◆ ASSIGNED TASK ◆
Instruction for the data below: set down exactly the lines from the line with "Jamdani Blue green suit set" to the line with "KRAFTOOL Precision, Hex0.9, отвертка", inclusive, and no others.

+-------+

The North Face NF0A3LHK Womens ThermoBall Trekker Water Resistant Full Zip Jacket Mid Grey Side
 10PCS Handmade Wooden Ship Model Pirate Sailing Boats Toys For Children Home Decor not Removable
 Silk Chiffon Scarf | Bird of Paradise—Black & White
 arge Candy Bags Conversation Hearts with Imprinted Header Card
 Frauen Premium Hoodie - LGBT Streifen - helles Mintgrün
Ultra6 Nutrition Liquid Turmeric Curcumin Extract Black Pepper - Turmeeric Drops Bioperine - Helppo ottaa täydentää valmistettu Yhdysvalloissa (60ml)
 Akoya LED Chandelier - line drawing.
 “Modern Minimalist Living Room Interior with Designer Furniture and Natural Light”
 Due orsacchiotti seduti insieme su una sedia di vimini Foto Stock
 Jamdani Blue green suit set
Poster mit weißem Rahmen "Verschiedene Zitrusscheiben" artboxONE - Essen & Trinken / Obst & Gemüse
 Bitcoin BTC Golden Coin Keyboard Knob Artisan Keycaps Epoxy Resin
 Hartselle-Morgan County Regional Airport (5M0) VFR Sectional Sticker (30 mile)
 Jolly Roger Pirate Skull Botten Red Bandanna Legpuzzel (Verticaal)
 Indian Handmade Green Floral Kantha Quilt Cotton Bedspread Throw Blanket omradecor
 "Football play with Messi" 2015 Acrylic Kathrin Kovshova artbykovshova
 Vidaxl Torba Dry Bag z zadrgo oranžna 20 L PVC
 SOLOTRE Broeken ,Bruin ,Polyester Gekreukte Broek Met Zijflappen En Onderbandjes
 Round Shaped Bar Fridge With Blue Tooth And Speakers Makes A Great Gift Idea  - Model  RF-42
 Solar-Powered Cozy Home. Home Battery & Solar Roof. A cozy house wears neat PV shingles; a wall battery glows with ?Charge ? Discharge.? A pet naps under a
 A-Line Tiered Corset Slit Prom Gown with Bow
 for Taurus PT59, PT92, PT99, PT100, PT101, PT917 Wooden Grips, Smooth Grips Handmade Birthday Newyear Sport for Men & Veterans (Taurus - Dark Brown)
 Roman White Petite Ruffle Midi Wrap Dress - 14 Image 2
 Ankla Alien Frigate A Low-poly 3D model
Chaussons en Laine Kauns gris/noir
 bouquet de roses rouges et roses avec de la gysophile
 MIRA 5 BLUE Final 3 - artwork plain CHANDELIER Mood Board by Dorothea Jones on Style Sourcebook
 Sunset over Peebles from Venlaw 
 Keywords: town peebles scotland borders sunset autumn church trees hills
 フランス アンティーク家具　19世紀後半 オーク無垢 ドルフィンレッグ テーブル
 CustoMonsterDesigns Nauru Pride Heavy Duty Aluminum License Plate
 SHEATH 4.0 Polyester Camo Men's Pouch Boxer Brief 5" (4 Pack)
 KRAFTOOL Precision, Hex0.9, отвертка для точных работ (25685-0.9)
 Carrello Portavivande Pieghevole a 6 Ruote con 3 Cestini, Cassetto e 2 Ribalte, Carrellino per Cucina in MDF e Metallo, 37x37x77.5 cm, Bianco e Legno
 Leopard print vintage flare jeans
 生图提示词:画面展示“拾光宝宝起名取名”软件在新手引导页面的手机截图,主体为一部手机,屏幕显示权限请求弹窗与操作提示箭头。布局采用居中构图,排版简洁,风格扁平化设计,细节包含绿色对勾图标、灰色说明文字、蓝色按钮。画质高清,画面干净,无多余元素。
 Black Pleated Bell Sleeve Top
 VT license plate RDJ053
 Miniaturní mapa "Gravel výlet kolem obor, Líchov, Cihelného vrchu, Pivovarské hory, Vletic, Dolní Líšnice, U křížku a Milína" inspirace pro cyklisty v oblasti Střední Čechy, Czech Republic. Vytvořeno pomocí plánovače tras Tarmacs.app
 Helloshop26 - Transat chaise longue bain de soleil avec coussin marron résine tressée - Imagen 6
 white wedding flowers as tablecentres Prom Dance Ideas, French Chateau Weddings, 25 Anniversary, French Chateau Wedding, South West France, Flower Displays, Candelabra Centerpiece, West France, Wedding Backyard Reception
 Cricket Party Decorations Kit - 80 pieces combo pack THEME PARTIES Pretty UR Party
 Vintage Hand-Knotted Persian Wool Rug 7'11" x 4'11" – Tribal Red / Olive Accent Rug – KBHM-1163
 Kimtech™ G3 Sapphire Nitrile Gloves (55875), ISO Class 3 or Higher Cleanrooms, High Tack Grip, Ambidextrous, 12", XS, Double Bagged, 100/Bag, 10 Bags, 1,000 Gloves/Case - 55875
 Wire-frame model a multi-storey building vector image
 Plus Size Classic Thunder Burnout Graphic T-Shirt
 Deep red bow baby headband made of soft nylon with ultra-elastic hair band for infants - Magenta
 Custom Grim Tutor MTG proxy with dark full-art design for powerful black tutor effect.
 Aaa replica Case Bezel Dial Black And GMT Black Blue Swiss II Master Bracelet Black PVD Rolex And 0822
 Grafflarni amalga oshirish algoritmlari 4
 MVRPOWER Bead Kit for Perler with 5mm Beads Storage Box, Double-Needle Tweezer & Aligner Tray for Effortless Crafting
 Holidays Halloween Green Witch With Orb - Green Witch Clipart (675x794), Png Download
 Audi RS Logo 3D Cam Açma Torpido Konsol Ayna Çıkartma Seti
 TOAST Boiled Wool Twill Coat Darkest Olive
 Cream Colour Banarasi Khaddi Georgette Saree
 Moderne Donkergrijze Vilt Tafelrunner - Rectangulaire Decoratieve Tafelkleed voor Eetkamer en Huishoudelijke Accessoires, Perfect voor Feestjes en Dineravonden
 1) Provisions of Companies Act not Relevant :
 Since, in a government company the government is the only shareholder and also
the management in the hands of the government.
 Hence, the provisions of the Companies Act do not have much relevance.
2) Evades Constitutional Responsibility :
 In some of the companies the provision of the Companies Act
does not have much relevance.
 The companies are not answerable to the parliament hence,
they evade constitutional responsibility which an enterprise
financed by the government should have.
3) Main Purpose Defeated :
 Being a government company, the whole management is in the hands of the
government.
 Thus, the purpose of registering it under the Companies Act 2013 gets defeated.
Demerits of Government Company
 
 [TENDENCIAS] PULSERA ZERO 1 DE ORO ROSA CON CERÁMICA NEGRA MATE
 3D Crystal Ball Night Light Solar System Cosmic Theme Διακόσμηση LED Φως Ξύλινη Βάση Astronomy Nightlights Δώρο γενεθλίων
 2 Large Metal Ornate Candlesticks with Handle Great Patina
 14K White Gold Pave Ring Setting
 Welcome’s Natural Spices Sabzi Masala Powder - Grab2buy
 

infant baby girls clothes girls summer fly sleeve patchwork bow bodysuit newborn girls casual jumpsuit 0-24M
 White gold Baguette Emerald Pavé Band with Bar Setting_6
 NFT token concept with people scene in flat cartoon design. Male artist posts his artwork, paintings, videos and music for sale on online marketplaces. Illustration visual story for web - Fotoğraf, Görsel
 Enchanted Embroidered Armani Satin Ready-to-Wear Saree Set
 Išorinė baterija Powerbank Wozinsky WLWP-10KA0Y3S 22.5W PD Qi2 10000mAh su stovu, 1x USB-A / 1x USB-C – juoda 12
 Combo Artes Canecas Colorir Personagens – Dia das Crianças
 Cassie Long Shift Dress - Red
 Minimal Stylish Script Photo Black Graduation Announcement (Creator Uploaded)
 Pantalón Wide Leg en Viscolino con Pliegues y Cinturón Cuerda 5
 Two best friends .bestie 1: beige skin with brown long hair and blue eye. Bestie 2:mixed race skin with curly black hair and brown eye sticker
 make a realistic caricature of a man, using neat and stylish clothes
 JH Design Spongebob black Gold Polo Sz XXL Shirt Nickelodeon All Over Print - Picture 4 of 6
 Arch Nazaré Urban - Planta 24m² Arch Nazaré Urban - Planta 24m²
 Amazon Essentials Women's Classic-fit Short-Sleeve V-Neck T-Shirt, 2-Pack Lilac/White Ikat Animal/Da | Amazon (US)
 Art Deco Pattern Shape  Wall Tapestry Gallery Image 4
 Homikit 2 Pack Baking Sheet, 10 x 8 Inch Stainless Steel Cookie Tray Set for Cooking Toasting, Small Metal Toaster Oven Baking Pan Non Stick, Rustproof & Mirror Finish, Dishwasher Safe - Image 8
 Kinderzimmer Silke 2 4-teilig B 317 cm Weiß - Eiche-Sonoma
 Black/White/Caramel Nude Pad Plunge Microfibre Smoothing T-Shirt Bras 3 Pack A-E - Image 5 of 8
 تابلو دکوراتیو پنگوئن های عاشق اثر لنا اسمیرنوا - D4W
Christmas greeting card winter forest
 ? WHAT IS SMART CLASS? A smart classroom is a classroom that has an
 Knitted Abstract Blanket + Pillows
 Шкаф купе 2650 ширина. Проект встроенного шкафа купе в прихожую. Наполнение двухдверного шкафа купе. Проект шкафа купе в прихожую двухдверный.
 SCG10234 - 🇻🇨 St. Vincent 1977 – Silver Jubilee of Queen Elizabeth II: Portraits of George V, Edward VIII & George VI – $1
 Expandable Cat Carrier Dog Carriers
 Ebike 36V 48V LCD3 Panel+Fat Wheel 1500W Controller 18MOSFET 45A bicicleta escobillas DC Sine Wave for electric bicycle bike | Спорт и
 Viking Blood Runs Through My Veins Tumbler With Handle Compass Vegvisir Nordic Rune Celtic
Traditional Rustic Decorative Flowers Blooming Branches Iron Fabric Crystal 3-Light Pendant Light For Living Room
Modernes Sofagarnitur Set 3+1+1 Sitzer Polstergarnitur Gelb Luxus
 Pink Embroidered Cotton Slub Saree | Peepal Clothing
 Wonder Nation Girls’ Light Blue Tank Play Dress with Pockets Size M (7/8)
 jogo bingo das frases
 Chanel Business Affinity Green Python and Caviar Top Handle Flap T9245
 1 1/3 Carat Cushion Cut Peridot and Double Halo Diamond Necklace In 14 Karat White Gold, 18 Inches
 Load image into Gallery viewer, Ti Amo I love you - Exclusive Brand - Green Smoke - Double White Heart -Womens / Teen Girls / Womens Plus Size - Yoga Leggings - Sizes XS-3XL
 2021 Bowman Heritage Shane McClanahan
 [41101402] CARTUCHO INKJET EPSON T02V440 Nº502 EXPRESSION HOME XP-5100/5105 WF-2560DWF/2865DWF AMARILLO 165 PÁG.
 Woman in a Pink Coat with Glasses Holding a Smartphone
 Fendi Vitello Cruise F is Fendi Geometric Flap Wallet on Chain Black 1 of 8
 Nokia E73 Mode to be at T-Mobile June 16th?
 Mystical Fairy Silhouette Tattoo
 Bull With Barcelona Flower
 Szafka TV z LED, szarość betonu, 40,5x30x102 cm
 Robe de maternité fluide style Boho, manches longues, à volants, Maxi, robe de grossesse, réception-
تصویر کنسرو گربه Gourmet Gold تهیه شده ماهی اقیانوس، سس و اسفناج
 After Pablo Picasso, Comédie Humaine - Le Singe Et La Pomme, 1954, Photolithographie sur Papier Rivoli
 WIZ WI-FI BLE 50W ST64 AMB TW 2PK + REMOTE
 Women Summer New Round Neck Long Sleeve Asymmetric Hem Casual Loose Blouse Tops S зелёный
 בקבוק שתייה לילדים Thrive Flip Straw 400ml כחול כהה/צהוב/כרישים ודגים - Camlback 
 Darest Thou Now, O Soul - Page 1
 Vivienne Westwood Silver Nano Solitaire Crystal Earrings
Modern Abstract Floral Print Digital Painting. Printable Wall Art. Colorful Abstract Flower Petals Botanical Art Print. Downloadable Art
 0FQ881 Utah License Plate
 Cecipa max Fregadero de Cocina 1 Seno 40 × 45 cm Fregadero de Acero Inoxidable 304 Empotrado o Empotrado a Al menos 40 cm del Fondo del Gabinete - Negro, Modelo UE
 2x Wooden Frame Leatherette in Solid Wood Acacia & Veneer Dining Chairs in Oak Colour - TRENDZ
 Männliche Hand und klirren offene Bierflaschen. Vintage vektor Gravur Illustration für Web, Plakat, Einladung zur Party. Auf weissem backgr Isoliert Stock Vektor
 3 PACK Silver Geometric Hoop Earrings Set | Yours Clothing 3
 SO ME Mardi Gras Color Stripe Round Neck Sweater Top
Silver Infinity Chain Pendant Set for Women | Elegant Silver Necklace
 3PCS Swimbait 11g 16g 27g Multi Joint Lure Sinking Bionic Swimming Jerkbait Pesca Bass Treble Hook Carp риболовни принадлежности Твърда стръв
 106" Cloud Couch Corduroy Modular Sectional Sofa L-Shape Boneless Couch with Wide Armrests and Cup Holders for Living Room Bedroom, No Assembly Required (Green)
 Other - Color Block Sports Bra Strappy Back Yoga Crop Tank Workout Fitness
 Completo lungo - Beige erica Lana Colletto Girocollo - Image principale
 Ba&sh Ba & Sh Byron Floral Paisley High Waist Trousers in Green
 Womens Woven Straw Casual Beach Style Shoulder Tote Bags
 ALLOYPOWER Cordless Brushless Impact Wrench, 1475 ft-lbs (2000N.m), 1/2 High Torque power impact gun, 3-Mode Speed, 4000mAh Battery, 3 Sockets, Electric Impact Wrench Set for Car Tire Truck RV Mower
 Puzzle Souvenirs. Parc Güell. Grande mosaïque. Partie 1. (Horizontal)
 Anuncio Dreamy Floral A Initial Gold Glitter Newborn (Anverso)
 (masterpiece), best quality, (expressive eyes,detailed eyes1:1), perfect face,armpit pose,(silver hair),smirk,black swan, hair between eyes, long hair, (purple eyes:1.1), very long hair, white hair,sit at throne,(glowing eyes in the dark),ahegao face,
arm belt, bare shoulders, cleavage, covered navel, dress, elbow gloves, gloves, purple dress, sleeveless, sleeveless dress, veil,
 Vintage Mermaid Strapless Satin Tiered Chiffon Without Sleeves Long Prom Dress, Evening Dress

+-------+

◆ EXPECTED OUTPUT ◆
 Jamdani Blue green suit set
Poster mit weißem Rahmen "Verschiedene Zitrusscheiben" artboxONE - Essen & Trinken / Obst & Gemüse
 Bitcoin BTC Golden Coin Keyboard Knob Artisan Keycaps Epoxy Resin
 Hartselle-Morgan County Regional Airport (5M0) VFR Sectional Sticker (30 mile)
 Jolly Roger Pirate Skull Botten Red Bandanna Legpuzzel (Verticaal)
 Indian Handmade Green Floral Kantha Quilt Cotton Bedspread Throw Blanket omradecor
 "Football play with Messi" 2015 Acrylic Kathrin Kovshova artbykovshova
 Vidaxl Torba Dry Bag z zadrgo oranžna 20 L PVC
 SOLOTRE Broeken ,Bruin ,Polyester Gekreukte Broek Met Zijflappen En Onderbandjes
 Round Shaped Bar Fridge With Blue Tooth And Speakers Makes A Great Gift Idea  - Model  RF-42
 Solar-Powered Cozy Home. Home Battery & Solar Roof. A cozy house wears neat PV shingles; a wall battery glows with ?Charge ? Discharge.? A pet naps under a
 A-Line Tiered Corset Slit Prom Gown with Bow
 for Taurus PT59, PT92, PT99, PT100, PT101, PT917 Wooden Grips, Smooth Grips Handmade Birthday Newyear Sport for Men & Veterans (Taurus - Dark Brown)
 Roman White Petite Ruffle Midi Wrap Dress - 14 Image 2
 Ankla Alien Frigate A Low-poly 3D model
Chaussons en Laine Kauns gris/noir
 bouquet de roses rouges et roses avec de la gysophile
 MIRA 5 BLUE Final 3 - artwork plain CHANDELIER Mood Board by Dorothea Jones on Style Sourcebook
 Sunset over Peebles from Venlaw 
 Keywords: town peebles scotland borders sunset autumn church trees hills
 フランス アンティーク家具　19世紀後半 オーク無垢 ドルフィンレッグ テーブル
 CustoMonsterDesigns Nauru Pride Heavy Duty Aluminum License Plate
 SHEATH 4.0 Polyester Camo Men's Pouch Boxer Brief 5" (4 Pack)
 KRAFTOOL Precision, Hex0.9, отвертка для точных работ (25685-0.9)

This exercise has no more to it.